This isn't to say that the new method is necessarily worse, since there were fuel type categorizations are worse, given the fuel grouping differences between PUDL and EIA, but it does suggest that there's some benefit to be had by refining the imputation further, especially since one of our main applications of this data is to identify unusually expensive coal plants for advocates. We also have the most additional information about the coal deliveries, since we usually know the mine name, what state it's in, maybe a unique ID for the mine, the supplier name, level of ash and sulfur in the coal, what kind of contract it was delivered on, etc.
Here are the proportions of coal records that are being filled in with the different aggregations:
frc[frc.fuel_group_code=="coal"].filled_by.value_counts() / sum(frc.fuel_group_code=="coal")
original 0.713344
state_esc_month 0.144066
region_fgc_month 0.067036
national_esc_month 0.042347
state_fgc_month 0.026690
national_fgc_month 0.004286
state_esc_year 0.001138
region_fgc_year 0.001093
About 11% of all coal records end up getting regional or national average prices assigned to them, and that's a little more than 1/3 of the total coal records which are being filled in.

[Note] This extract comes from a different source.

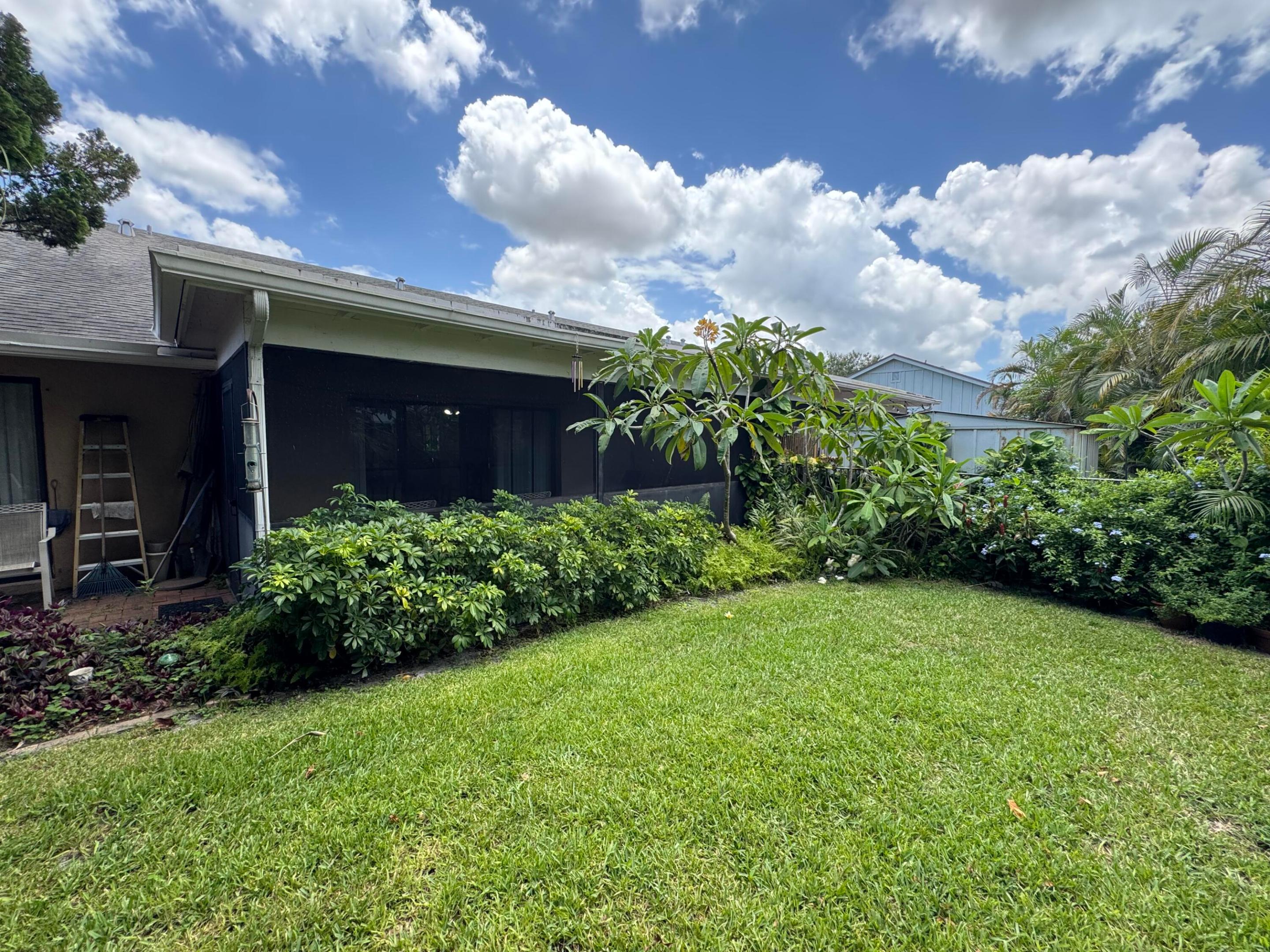 11894 Suellen Circle Property Photo 3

I'm inclined to say that this is good enough for now, but that because these are probably some of the records we care most about, it will be worth coming back to this issue and trying to use a more generic model like XGBoost or a random forest that can utilize the other information we have.
What do y'all think?
I was ready to say "yes this is good enough", especially considering the results were so similar to our previous method of EIA API values. But now I'm confused!
Here the x-axes are the API based fuel price
I think I'm not understanding exactly what these plots are -- I thought your scatter plots near the top of this issue showed that API vs state-month average were extremely linear. Why are the state-fgc-month
results so much different here? I'd be surprised if changing the agg func from mean to median made that much difference. If it did, that's interesting to know!

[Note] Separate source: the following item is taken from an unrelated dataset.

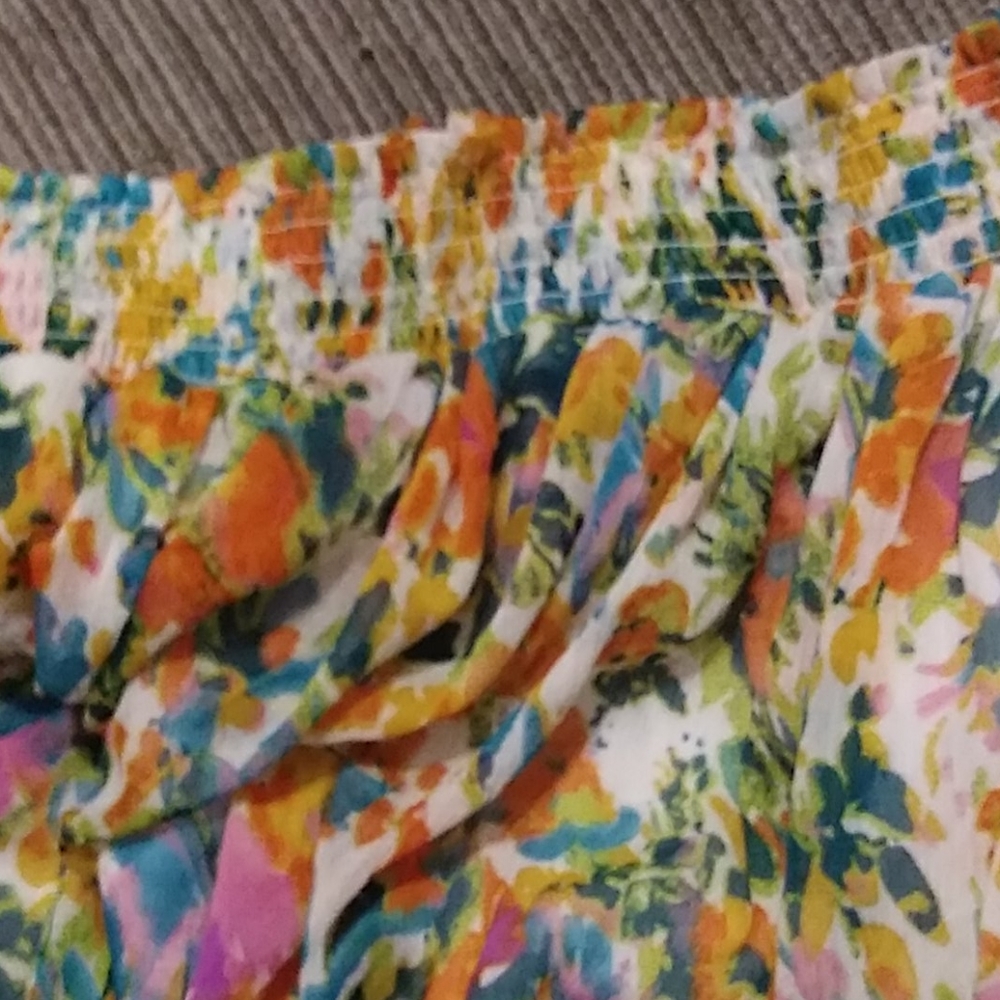 Skirt - Picture 2 of 2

@TrentonBush The earlier scatter plots are comparing all the reported data -- so the ones where there actually was data in the FRC table, and they're only being aggregated by [state, month, fuel_group]
The more scatter recent plots are only looking at data points that were not present in the FRC table, and comparing the values which were filled in by our new method (breaking it out into all the different kinds of aggregation used) vs. the API values. So it's not surprising that the correlation is worse in general.
Oh ok, now if I squint I can see how they are related -- basically remove the line and just look at the dispersion, plus add some x-coordinate noise to account for mean to median. Ya this model makes sense to me. I think using the median is justified given the handful of big outliers I ran into. We definitely want to use the mean for the purpose of disaggregating the API results in the future though.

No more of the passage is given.